Hunan Engineering Research Center of Digital Hepatobiliary Medicine, Changsha, 410005, China.
J Nanobiotechnology. 2025 Aug 25;23(1):587. doi: 10.1186/s12951-025-03674-7.
Hepatocellular carcinoma (HCC) remains a leading cause of cancer death worldwide. Sonodynamic therapy (SDT) offers a non-invasive, deep-penetrating approach by using ultrasound to activate sonosensitizers and generate cytotoxic reactive oxygen species (ROS). Yet poor intratumoral delivery and low ROS quantum yields of existing agents have stalled clinical translation. Here, we present a synergistic SDT platform that overcomes these barriers by combining transient vasodilation of tumor microvessels with the clinically widely used Antianginal drug isosorbide mononitrate and an acceptor-donor-acceptor-donor-acceptor type organic nanosonosensitizer (BTz) engineered for a narrow bandgap and enhanced ultrasound responsiveness. Isosorbide mononitrate increases nanosonosensitizer accumulation by ~ 1.8-fold. Under ultrasound irradiation, nanosonosensitizer produced high ROS generation, resulting in 78% tumor growth inhibition in murine HCC models-nearly double that of SDT alone-without detectable systemic toxicity. Crucially, the near-infrared fluorescence of nanosonosensitizer enabled real-time, image-guided tracking of sonosensitizer uptake and therapeutic response. By repurposing a safe vasodilator and integrating it with a high-performance organic sonosensitizer, this work establishes a readily translatable, minimally invasive paradigm for precise SDT of localized, inoperable or metastatic HCC.
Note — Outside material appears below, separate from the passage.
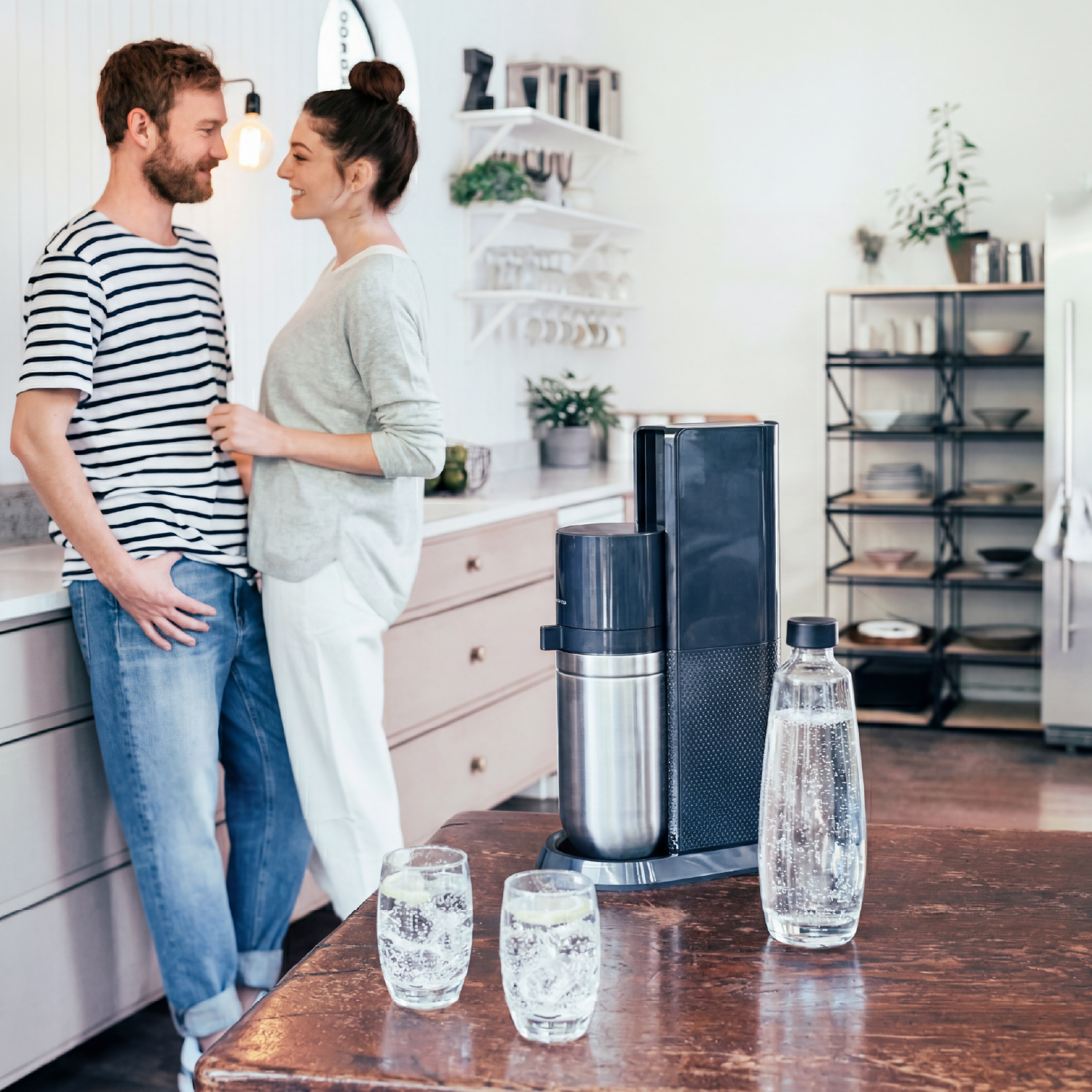 Una pareja se mira en una cocina. Hay un sifón de soda en la mesa.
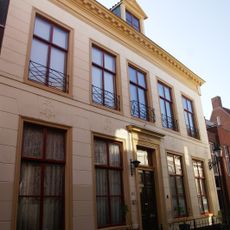 Vijf traveeën breed pand onder schilddak met hoekschoorstenen waarop bord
肝细胞癌(HCC)仍然是全球癌症死亡的主要原因。声动力疗法(SDT)通过利用超声波激活声敏剂并产生活性氧(ROS)来提供一种非侵入性、深部穿透性的方法。然而,现有药物的肿瘤内递送不佳和ROS量子产率低阻碍了临床转化。在此,我们提出了一种协同SDT平台,该平台通过将肿瘤微血管的短暂血管舒张与临床上广泛使用的抗心绞痛药物单硝酸异山梨酯以及为窄带隙和增强超声响应性而设计的受体-供体-受体-供体-受体型有机纳米声敏剂(BTz)相结合来克服这些障碍。单硝酸异山梨酯使纳米声敏剂的积累增加了约1.8倍。在超声照射下,纳米声敏剂产生了高ROS生成,在小鼠HCC模型中导致78%的肿瘤生长抑制——几乎是单独SDT的两倍——且没有可检测到的全身毒性。至关重要的是,纳米声敏剂的近红外荧光能够实时、图像引导跟踪声敏剂的摄取和治疗反应。通过重新利用一种安全的血管舒张剂并将其与高性能有机声敏剂整合,这项工作为局部、不可切除或转移性HCC的精确SDT建立了一种易于转化的微创模式。